Cant wait !!!!!!!!!!!


----------



## slownlow (Sep 24, 2011)

Terry Colwell said:


> Ok,, For use "newer" peeps.  What is the "ThrowDown"  And How do I play???  lol




here read this and it'll give you a good idea:

http://www.smokingmeatforums.com/t/84803/official-smf-december-throwdown


----------



## boykjo (Sep 24, 2011)

love to give it a whirl.........what do you win....... bragging rights.............
	

	
	
		
		



		
		
	


	





Joe


----------



## miamirick (Sep 24, 2011)

dude it s not about what you win   its just fun to win


----------



## tjohnson (Sep 24, 2011)

It's About time!

Todd


----------



## bluebombersfan (Sep 24, 2011)

Sounds awesome!!


----------



## ecto1 (Sep 24, 2011)

I am all in


----------



## bmudd14474 (Sep 24, 2011)

boykjo said:


> love to give it a whirl.........what do you win....... bragging rights.............
> 
> 
> 
> ...



We have some good prizes and I will let you know what they are on the 1st


----------



## ecto1 (Sep 24, 2011)

Can I just give you my address now so you can send the prize?


----------



## TulsaJeff (Sep 24, 2011)

I am very excited to see this getting kicked off again.. I don't think Brian's gonna let me enter but it sure sounds like a ton of fun!! And.. I know a few of the prizes (very nice I might add) but I have to stay on the down low about that for now.. my lips.. er typing fingers.. are sealed
	

	
	
		
		



		
		
	


	





Maybe we ought to have a staff throwdown sometime, Brian... just sayin'..


----------



## bmudd14474 (Sep 25, 2011)

ECTO1 said:


> Can I just give you my address now so you can send the prize?

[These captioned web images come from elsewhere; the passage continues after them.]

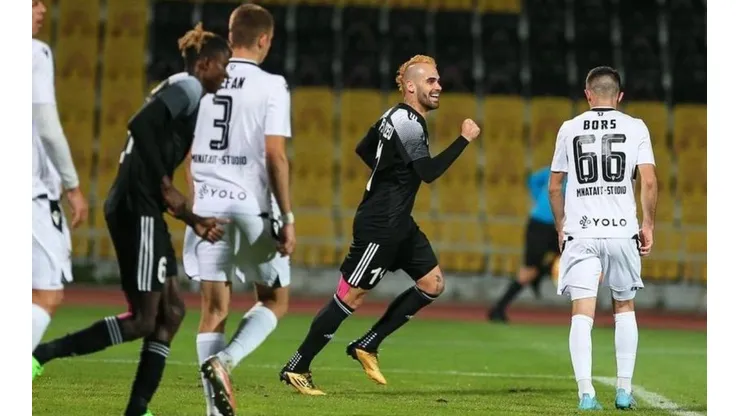 Felipe Vizeu brilha na Europa (Foto: Arquivo Pessoal do jogador)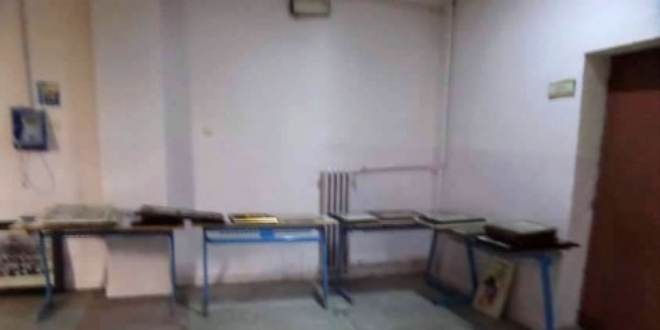 Bombaların yıktığı okulun bodrumunda eğitime devam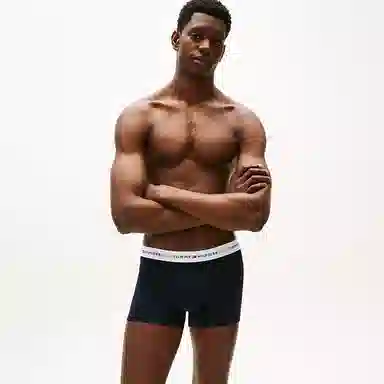 Tommy Hilfiger 3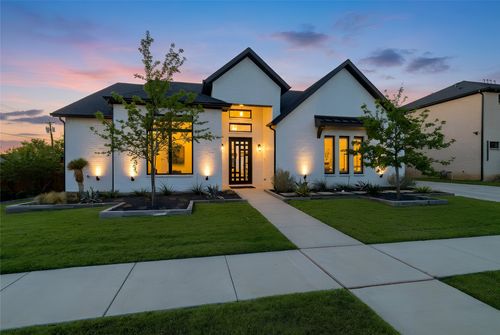 8501 Fresh Meadows Rd, North Richland Hills, TX, 76182-2003 | Card Image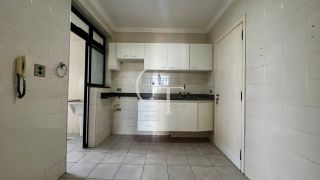 Apartamento à Venda com 3 Dormitórios com Suíte e Varanda no Edifício Villa Di Ravena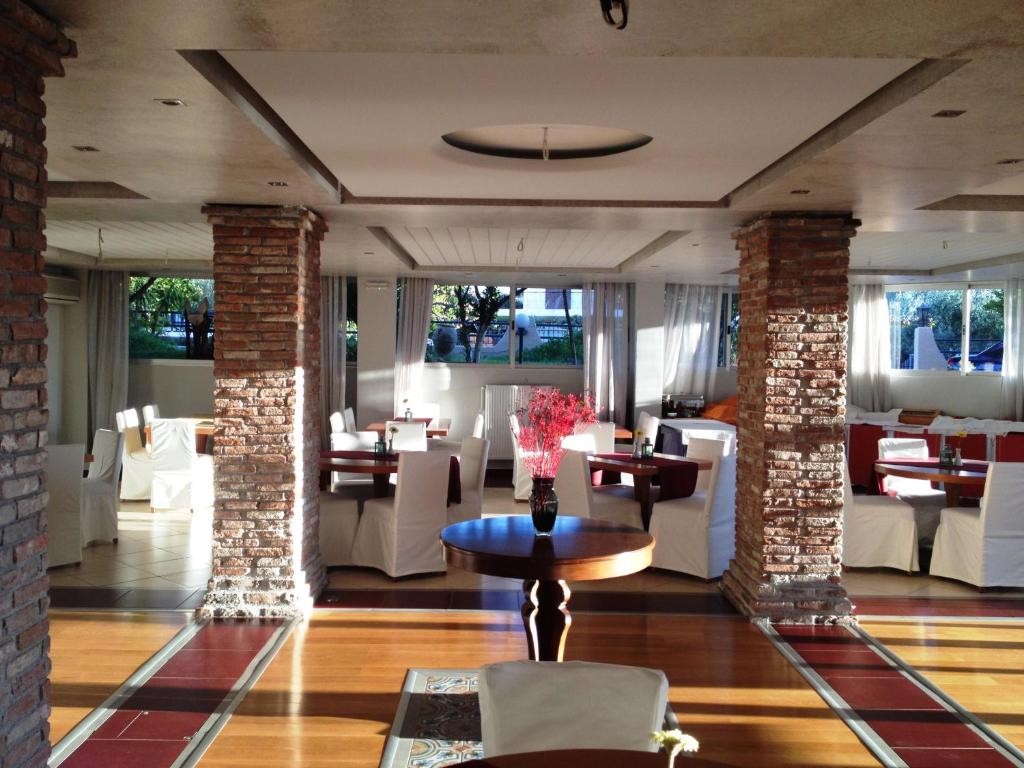 Posezení v ubytování Souris Hotel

I could but then you would have to pay shipping to the winner LOL     :biggrin:


----------



## ecto1 (Sep 25, 2011)

bmudd14474 said:


> I could but then you would have to pay shipping to the winner LOL


----------



## plj (Sep 25, 2011)

Since its the beginning of bow season, I'm guessing the theme is wild game... 

Yeah, ok, thats too much to hope for.  Maybe I should just hope for something I'm capable of making for a change  :)


----------



## pineywoods (Sep 25, 2011)

Heck with the staff throwdown I think we should just all get the prizes I hear there's gonna be some good ones


----------



## michael ark (Sep 25, 2011)

You guys are going to make me get a real camera or learn how to download video from my computer.


----------



## pineywoods (Sep 25, 2011)

Your gonna need to Michael you'll want in on this one and the future ones as well


----------



## michael ark (Sep 25, 2011)

So how do i down load video from my computer strait to smf their is no Brose computer .I know i can send it to you tube .But how do you take it straight off my PC to Qveiw no middle man?


----------



## teeznuts (Sep 25, 2011)

I can't wait!


----------



## raymo76 (Sep 25, 2011)

I think I'd like to try a few throwdowns!


----------



## masterofmymeat (Sep 26, 2011)

michael ark said:


> So how do i down load video from my computer strait to smf their is no Brose computer .I know i can send it to you tube .But how do you take it straight off my PC to Qveiw no middle man?


Hi Mike,

There is an icon next to the picture upload icon that is for videos. Once you click on it,

the browse GUI will pop up and you can direct it to the video on your computer...James


----------



## realtorterry (Sep 26, 2011)

Man I always regreted NOT doing the last ham one
	

	
	
		
		



		
		
	


	





I gotta try getting in on this one!!


----------



## africanmeat (Sep 26, 2011)

MasterOfMyMeat said:


> Hi Mike,
> 
> There is an icon next to the picture upload icon that is for videos. Once you click on it,
> 
> the browse GUI will pop up and you can direct it to the video on your computer...James


  James Explain   please the icon next to the photo icon  is  for URL only  i can only  use it for  youtube or vimeo how do you direct it to your computer ?

Thanks Ahron


----------



## masterofmymeat (Sep 26, 2011)

africanmeat said:


> James Explain   please the icon next to the photo icon  is  for URL only  i can only  use it for  youtube or vimeo how do you direct it to your computer ?
> 
> Thanks Ahron




Ah, my mistake. I thought the GUI would give the opportunity to point to your PC. The only way to do it

on this forum is to either post it first on YouTube or Vimeo. The other way is to have your own Domain,

and upload your video to your domain server. Then you will have a URL to point the GUI to.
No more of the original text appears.